*** Supplied information ***
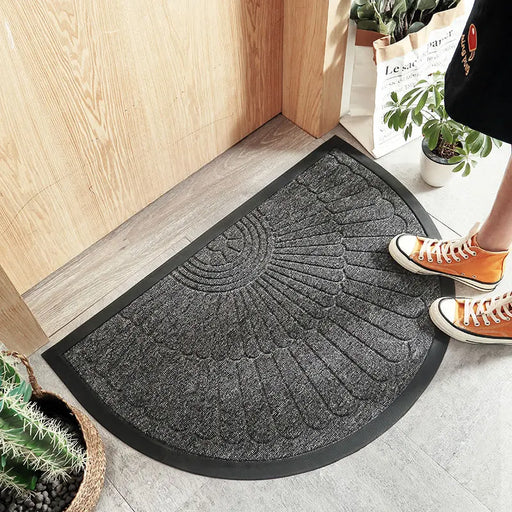 Half Moon Rug: Black and Gray Outdoor Mat with Enhanced Grip - Perfect for Entryway, Bathroom, and Stairs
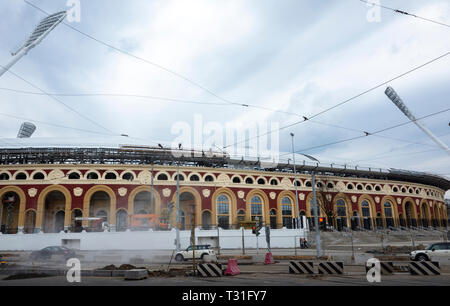 28 avril 2018, Minsk, Belarus . La reconstruction du stade 'Dynamo' à Minsk, qui sera l'hôte de la compétition de la 2ème jeux européens en 2019. Banque D'Images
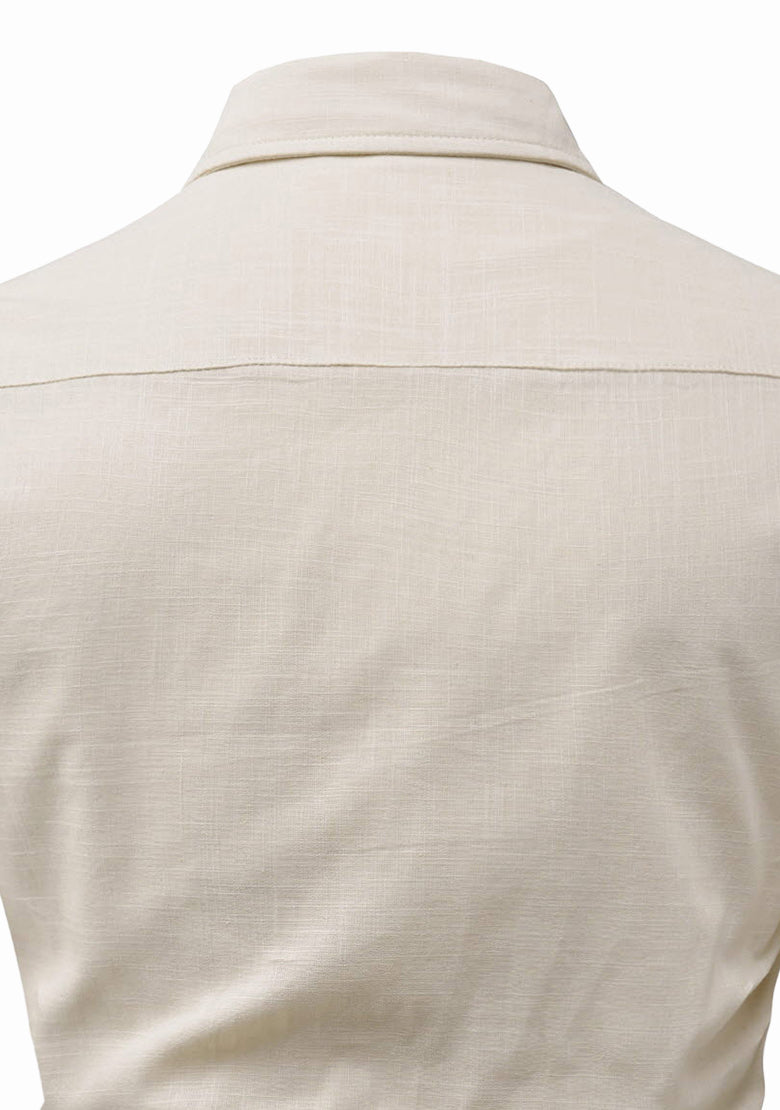 BLUE ROBED men's Full Sleeve Casual Cotton Kurta in Beige view 23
*** End of Supplied information ***
> _Problem to solve_: Retype the listing verbatim, minus every image.

> _Response box_:
 Half Moon Rug: Black and Gray Outdoor Mat with Enhanced Grip - Perfect for Entryway, Bathroom, and Stairs
 28 avril 2018, Minsk, Belarus . La reconstruction du stade 'Dynamo' à Minsk, qui sera l'hôte de la compétition de la 2ème jeux européens en 2019. Banque D'Images
 BLUE ROBED men's Full Sleeve Casual Cotton Kurta in Beige view 23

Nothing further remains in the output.